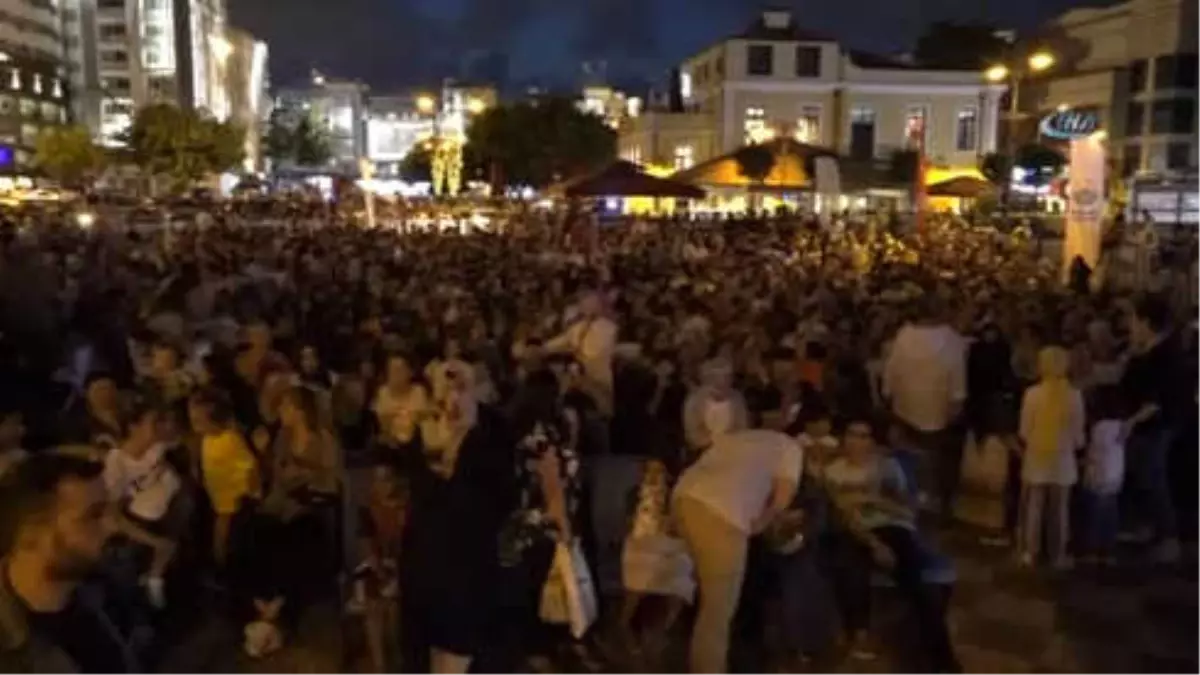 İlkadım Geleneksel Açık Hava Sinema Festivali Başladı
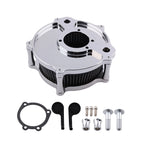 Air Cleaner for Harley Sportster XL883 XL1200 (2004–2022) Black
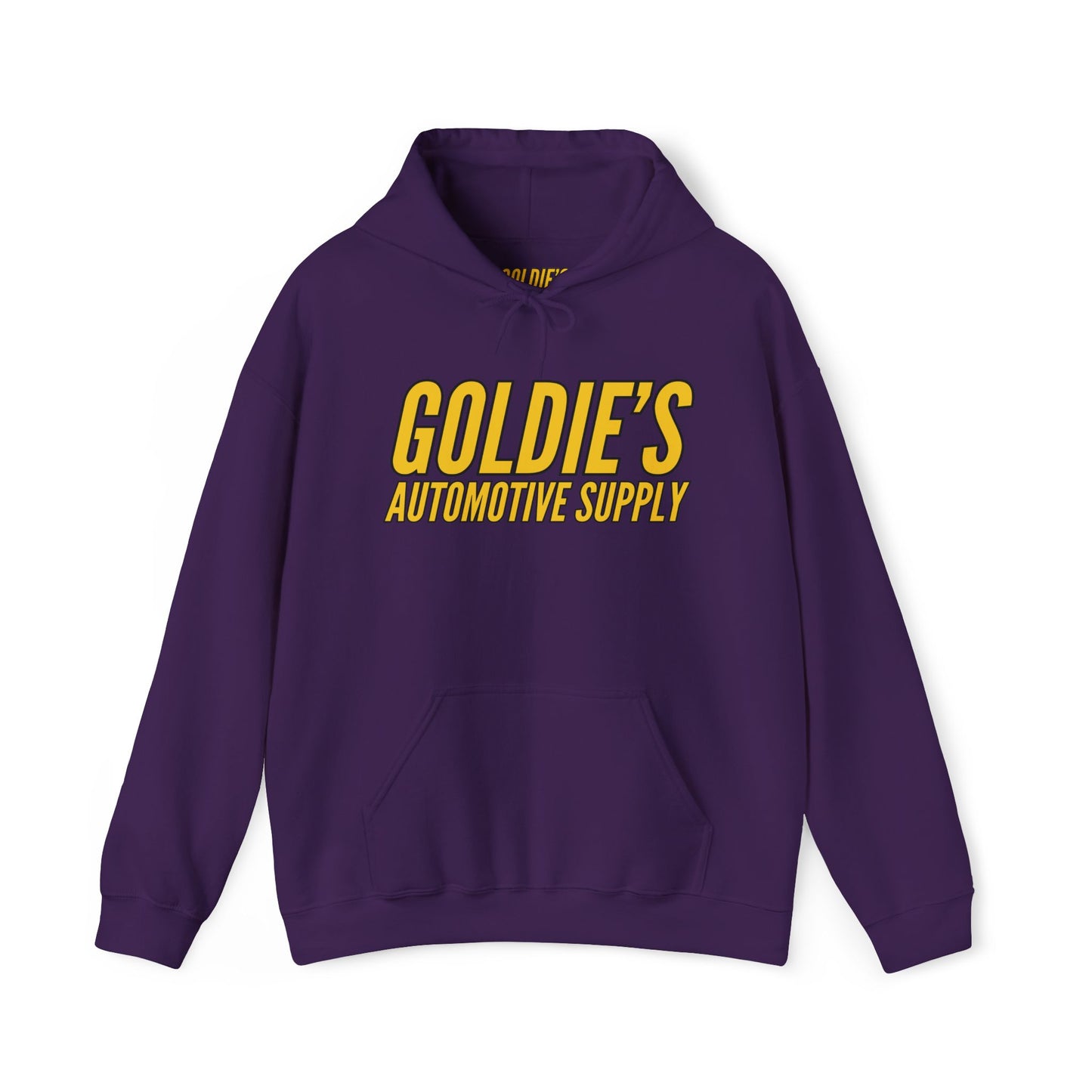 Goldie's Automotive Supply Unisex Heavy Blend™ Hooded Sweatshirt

....

**WHAT IS EXPECTED**
An unaltered copy of the material, without images, should be set down.

**RESPONSE TO THE EXERCISE**
 İlkadım Geleneksel Açık Hava Sinema Festivali Başladı
 Air Cleaner for Harley Sportster XL883 XL1200 (2004–2022) Black
 Goldie's Automotive Supply Unisex Heavy Blend™ Hooded Sweatshirt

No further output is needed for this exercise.